Analog curating – the art of sequence
The selection and order of the images was not done on screen, but analogously – with prints on the floor, on the walls, together with a graphic designer friend in Mallorca.
For a week, the pictures were hung, arranged, and moved around. All in the same room where many of the pictures had been created. This sense of closeness is palpable when viewing the series of images.
The book quickly sold out; a boxed edition was later released. I reluctantly gave away my first copy after a while and later bought the edition again.
Conviction instead of perfection
Andreas and I share an aversion to perfectionism in photography – to the belief that technology can replace intimacy.
Come Undone is the opposite: a work against the over-staged, against the predictable.
“If you don’t feel someone,” says Andreas, “the pictures look terrible.”
This clarity, this "one camera, one lens, done" approach, isn't purism, but rather pure practicality. It's not about setup, but about trust. And also about time. Everything takes time.
We also talk about social media, about efficiency aesthetics, about images that are meant to function and serve a feed, rather than to touch the viewer.
Come Undone shows the opposite: The right photo is often the unprogrammed one.
Trust, responsibility and what is "cast in the book"
A project of this depth thrives on trust. Katharina placed hers in Andreas' hands.
But what happens when something changes years later – a new life, a different perspective?
What if someone says, "I don't want these pictures anymore"?
We both come to the same answer: "Once printed, it's cast into the book."
A picture book is not a file that can be deleted.
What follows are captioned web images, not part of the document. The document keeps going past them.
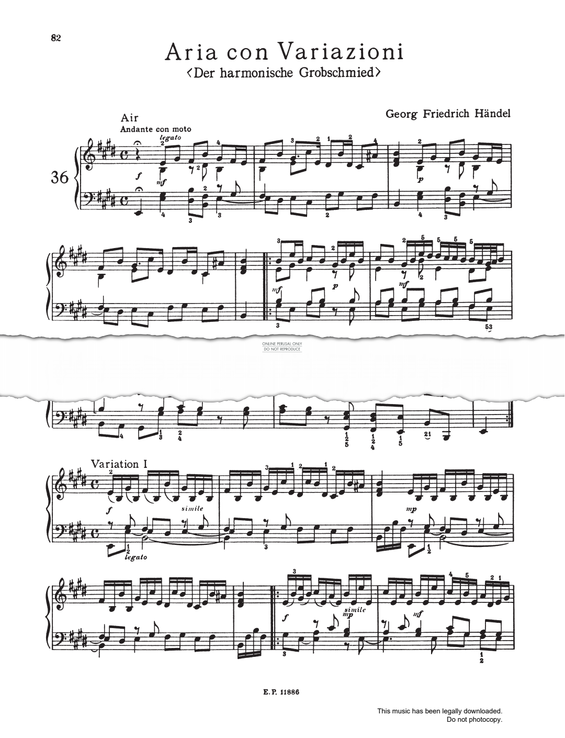 Produktgalerie: Seite 1 von 1 The Harmonious Blacksmith (Air with Variations in E Major from Suite No.5 HWV 430), George Frideric Handel, Klavier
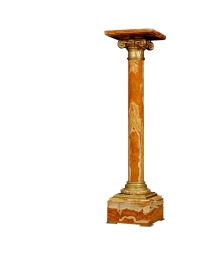 十九世纪制 铜鎏金镶嵌卷叶纹饰花理石底座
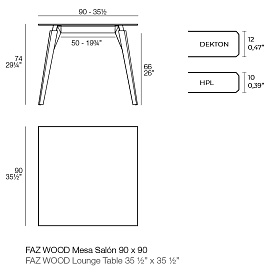 Квадратный стол Faz на деревянных ножках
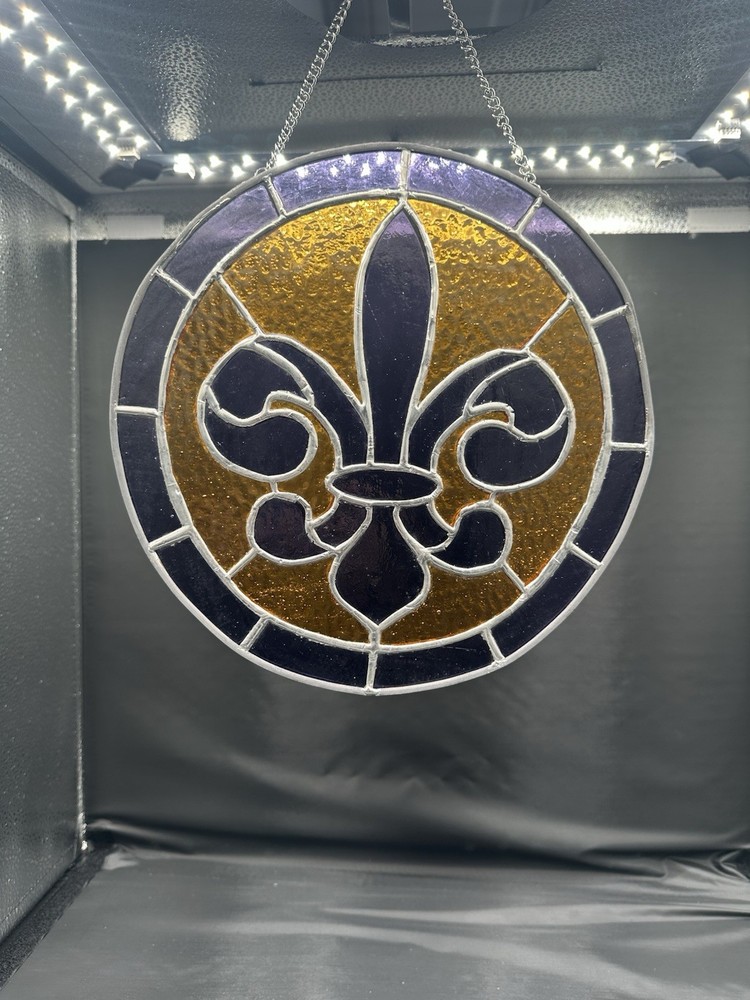 Fleur De Lis Stained Glass Panel 10” X 10”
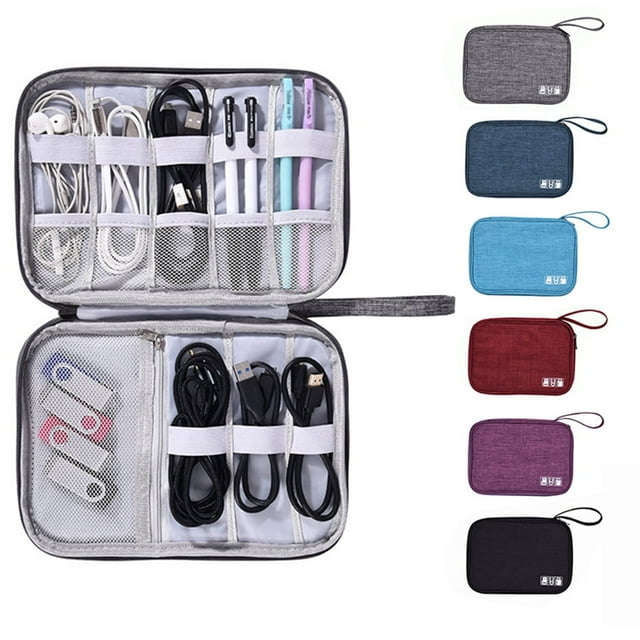 Organizador electrónico Ludlz, organizador de cables portátil, bolsa de viaje para guardar cables y accesorios electrónicos, organizador de teléfono, USB, SD y cargador.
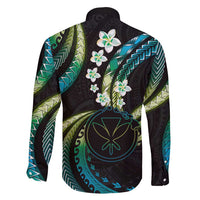 Hawaii Map Kanaka Maoli Family Matching Short Sleeve Bodycon Dress and Hawaiian Shirt Fantastic Frangipani Chartreuse Cyan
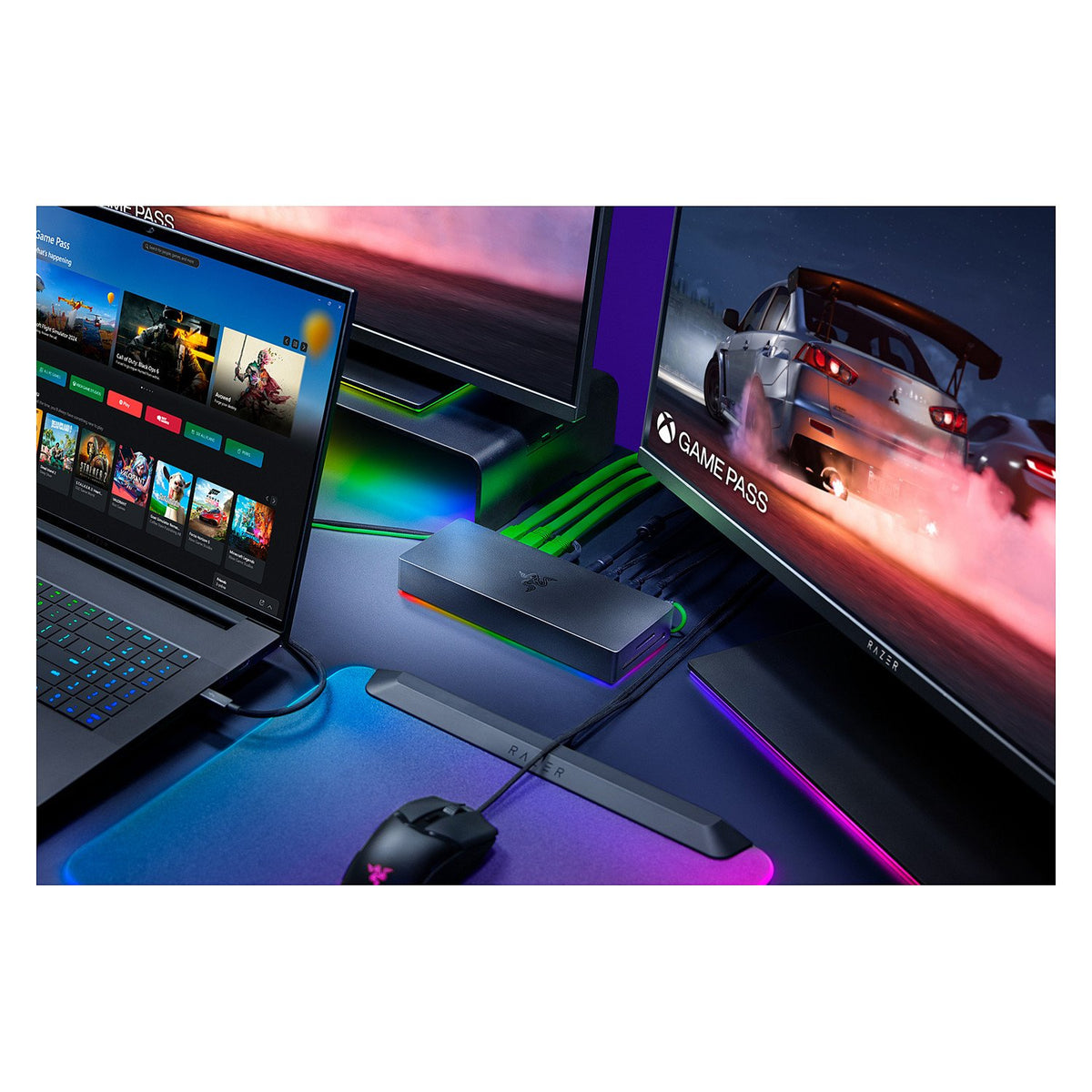 Razer Thunderbolt 5 Dock Desktop-RGB-Dock für mehrere Geräte & Bildschirme, schwarz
It remains – on shelves, in minds, in conversations.
After the book – and the feeling of the end
After Come Undone, Andreas experienced a breakthrough into his next photographic phase – and at the same time a creative slump.
"It's like after finishing a captivating novel," he says. "You read page after page, and when the last chapter ends, you fall into a hole."
The project had reached its natural end. Not "yet another monograph".
Instead, “What if” was published – a collection of images from the collaboration with Katharina that no longer fit into the first book, but wanted to be seen.
Source: ajorns.com
Music, age, reverberation
Our conversation is drawing to a close and we're talking about music. - Dire Straits, about Telegraph Road - about that feeling when a song ends and you wish it would go on a little longer.
Perhaps this is the most fitting description for Come Undone:
A work that sounds as if it could go on – and is perfect precisely because of that.
Epilogue – What Remains
After the conversation, I put my notes aside.
I reflect on my “Katharinas” – faces that have accompanied me to this day: friends, muses, conversation partners. And on how many things had to come together to create such a photo book project.
I've noticed how my work with these people has also evolved. Through them and without them, and how everything is connected. How many encounters I've had just to produce images; without stories, but simply for the sake of collaboration.
And I wonder what I'll take away from Come Undone.
On the plane, on the way back to Frankfurt, it suddenly occurs to me:
That portrait photography can only be honest if both parties are honest with each other.
And that it sometimes takes years to reach that point.
And perhaps that is the true essence of every encounter – in photography as in life:
That closeness can be sought, but must be allowed. And that precisely what is fleeting is what remains.